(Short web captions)
◇ ◇ ◇ ◇
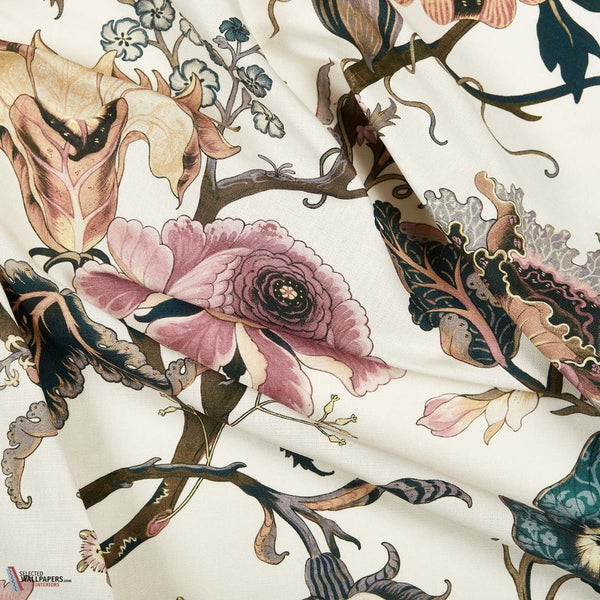 Artemis fabric-House of Hackney-Off White-Cotton Linen-Selected-Wallpapers-Interiors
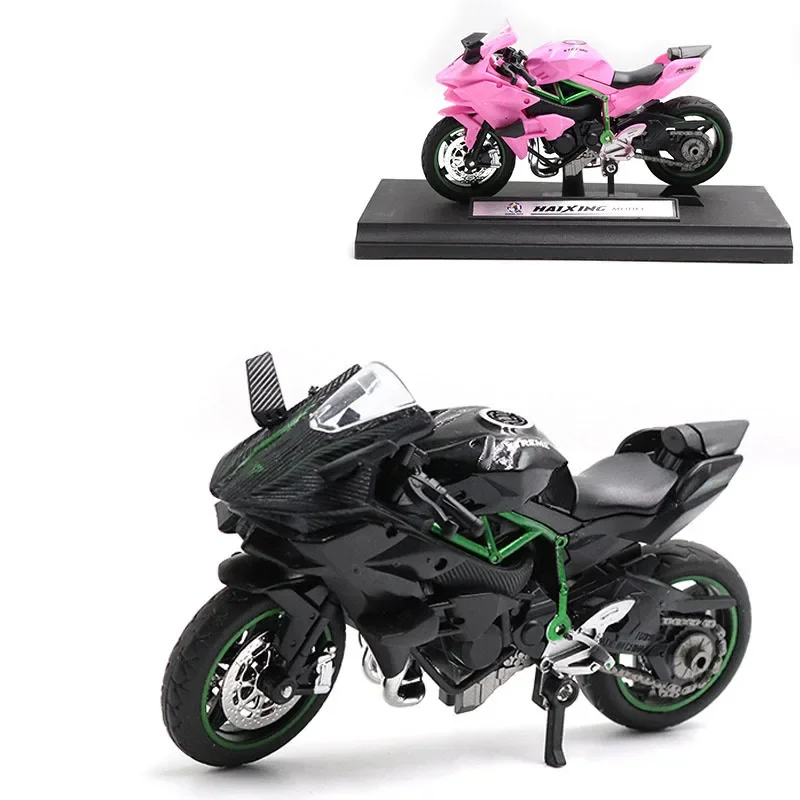 1:18 Kawasaki Ninja ZX-12R Genuine Alloy Motorcycle Model Static Die Casting Toy Office Decor Collection Model Gift Toys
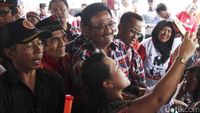 Djarot Kampanye di Kelapa Dua Wetan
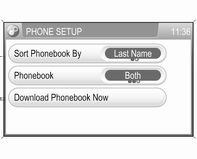 Telefon 85 Så lenge mobiltelefonen er paret med Infotainment, er telefonboken lagret på Infotainment.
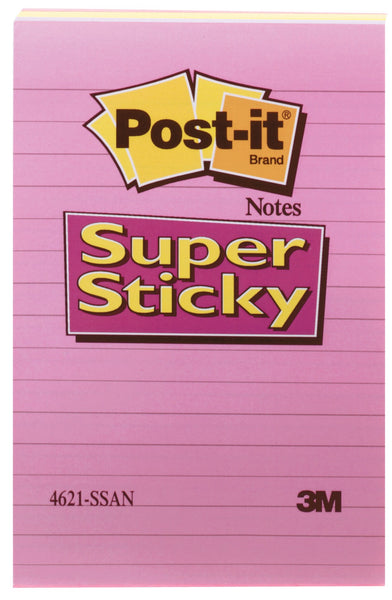 Notas adhesivas superadhesivas Post-It con líneas 4621-Ssan
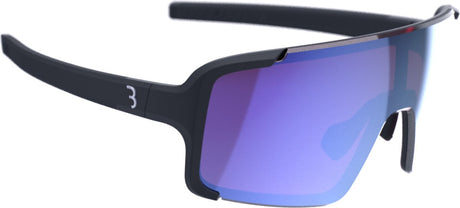 Bbb Cycling Chester Flux Fahrradbrille für Männer und Frauen – kontrastreiche Sportbrille – Fahrradbrille mit Flux-Linse – Antibeschlag – glänzendes Schwarzblau – BSG-74 Einheitsgröße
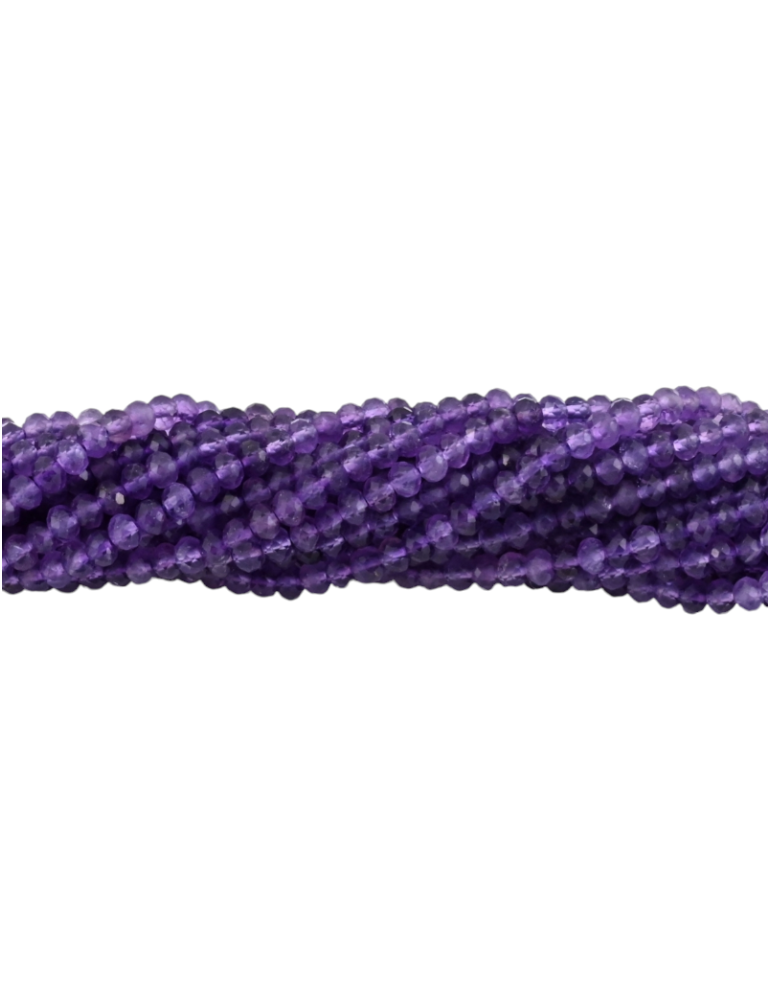 Facettierte Amethyst-Perlenstrang A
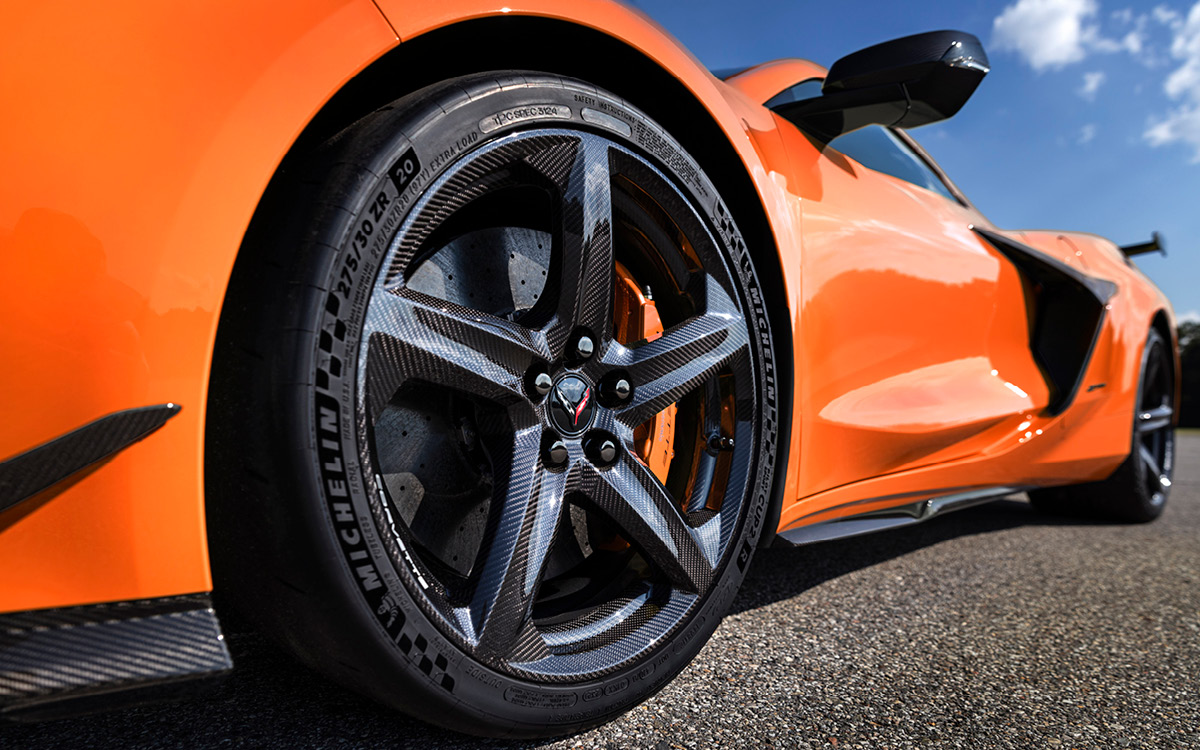 2023 Corvette Z06 carbon fiber wheels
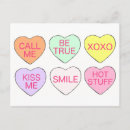 Search for conversation heart postcards Valentine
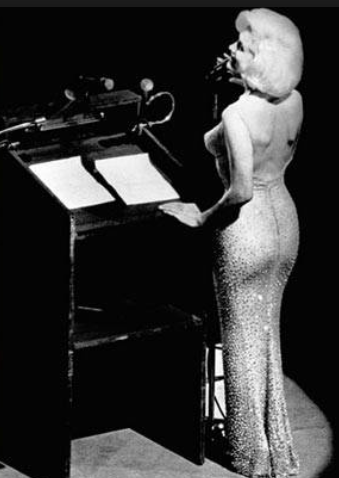 Monroe in the dress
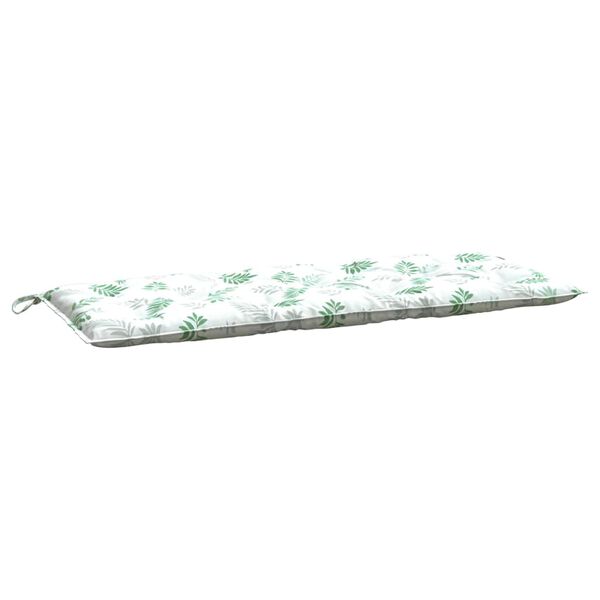 vidaXL Garden Bench Cushions 2pcs Leaf Pattern 120x50x7cm Fabric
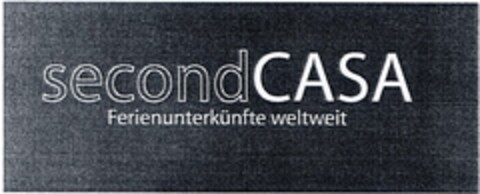 secondCASA Ferienunterkünfte weltweit Logo (DPMA, 08.04.2004)
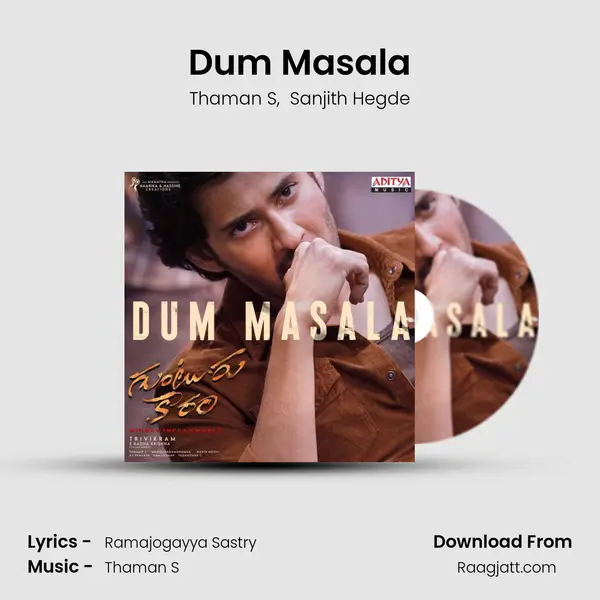 Dum Masala - Thaman S album cover 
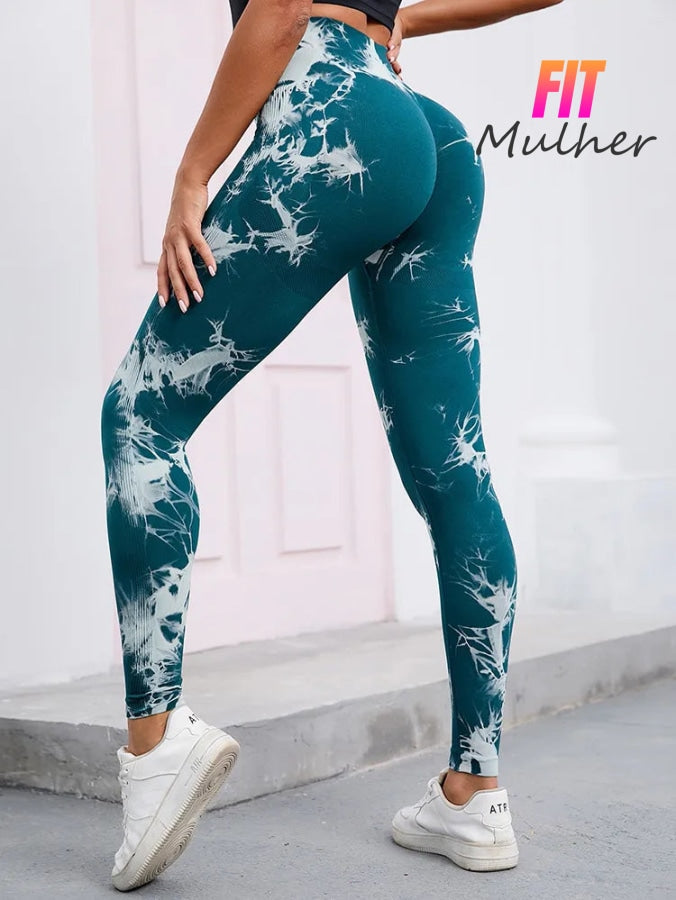 Legging Marmorizada Empina Bumbum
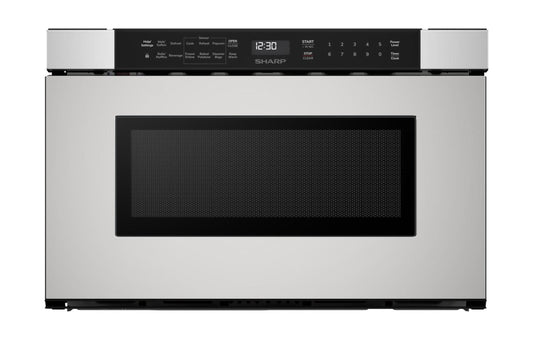 Asko SHARP 24 in. 1.2 cu. ft. Built-In in Stainless Steel Microwave Drawer Oven - SMD2440JS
◇ ◇ ◇ ◇
WHAT IS NEEDED
Write the records out again verbatim and omit the pictures they contain.

RESULT
 Artemis fabric-House of Hackney-Off White-Cotton Linen-Selected-Wallpapers-Interiors
 1:18 Kawasaki Ninja ZX-12R Genuine Alloy Motorcycle Model Static Die Casting Toy Office Decor Collection Model Gift Toys
 Djarot Kampanye di Kelapa Dua Wetan
 Telefon 85 Så lenge mobiltelefonen er paret med Infotainment, er telefonboken lagret på Infotainment.
 Notas adhesivas superadhesivas Post-It con líneas 4621-Ssan
 Bbb Cycling Chester Flux Fahrradbrille für Männer und Frauen – kontrastreiche Sportbrille – Fahrradbrille mit Flux-Linse – Antibeschlag – glänzendes Schwarzblau – BSG-74 Einheitsgröße
 Facettierte Amethyst-Perlenstrang A
 2023 Corvette Z06 carbon fiber wheels
 Search for conversation heart postcards Valentine
 Monroe in the dress
 vidaXL Garden Bench Cushions 2pcs Leaf Pattern 120x50x7cm Fabric
 secondCASA Ferienunterkünfte weltweit Logo (DPMA, 08.04.2004)
 Dum Masala - Thaman S album cover 
 Legging Marmorizada Empina Bumbum
 Asko SHARP 24 in. 1.2 cu. ft. Built-In in Stainless Steel Microwave Drawer Oven - SMD2440JS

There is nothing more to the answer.